● Exercise instructions
For this exercise, return all the data word for word, with images left out.

● Data provided
--
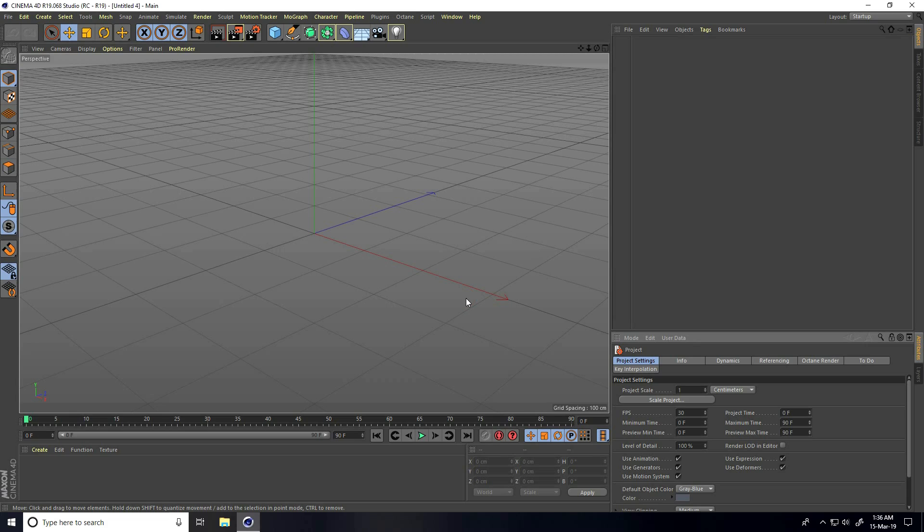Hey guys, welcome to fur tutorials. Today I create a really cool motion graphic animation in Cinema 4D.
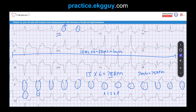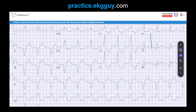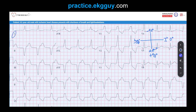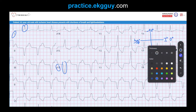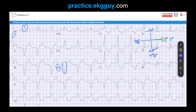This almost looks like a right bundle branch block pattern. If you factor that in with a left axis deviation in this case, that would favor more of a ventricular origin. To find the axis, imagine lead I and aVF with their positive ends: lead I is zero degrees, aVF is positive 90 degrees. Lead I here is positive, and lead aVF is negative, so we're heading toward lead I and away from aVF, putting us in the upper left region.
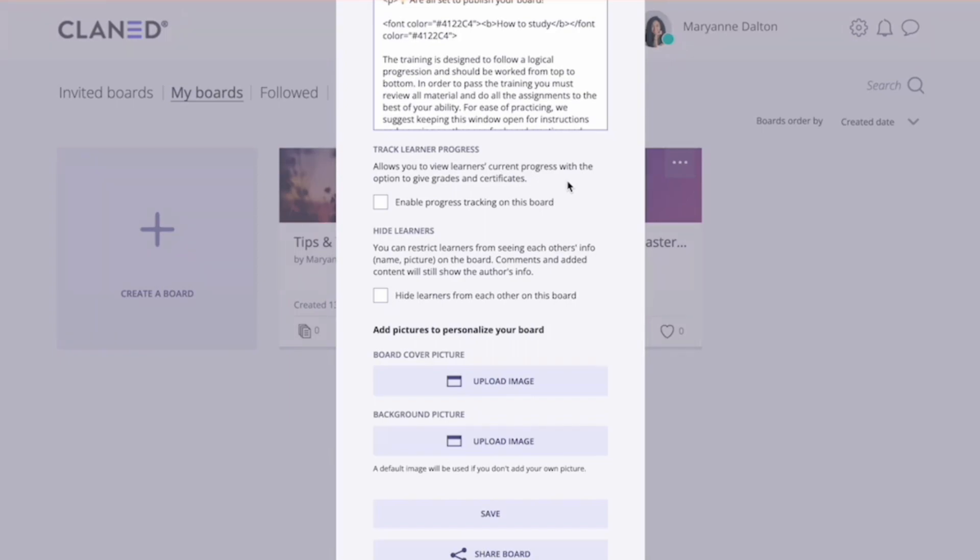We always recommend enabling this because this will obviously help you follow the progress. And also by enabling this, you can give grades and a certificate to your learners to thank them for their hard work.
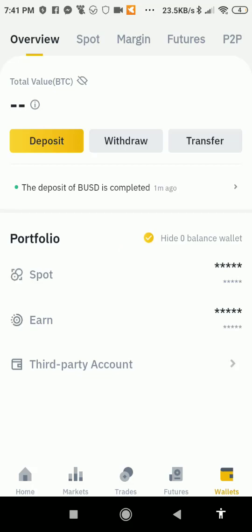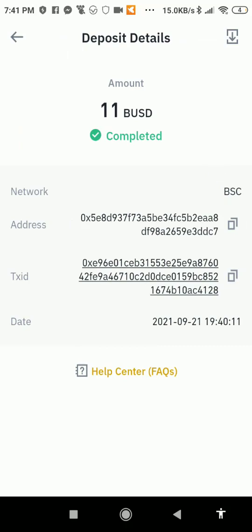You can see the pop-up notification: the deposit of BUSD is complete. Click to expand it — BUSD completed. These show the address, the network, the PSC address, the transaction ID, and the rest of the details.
--
● Answer to the exercise
Hey guys, welcome to fur tutorials. Today I create a really cool motion graphic animation in Cinema 4D.
This almost looks like a right bundle branch block pattern. If you factor that in with a left axis deviation in this case, that would favor more of a ventricular origin. To find the axis, imagine lead I and aVF with their positive ends: lead I is zero degrees, aVF is positive 90 degrees. Lead I here is positive, and lead aVF is negative, so we're heading toward lead I and away from aVF, putting us in the upper left region.
We always recommend enabling this because this will obviously help you follow the progress. And also by enabling this, you can give grades and a certificate to your learners to thank them for their hard work.
You can see the pop-up notification: the deposit of BUSD is complete. Click to expand it — BUSD completed. These show the address, the network, the PSC address, the transaction ID, and the rest of the details.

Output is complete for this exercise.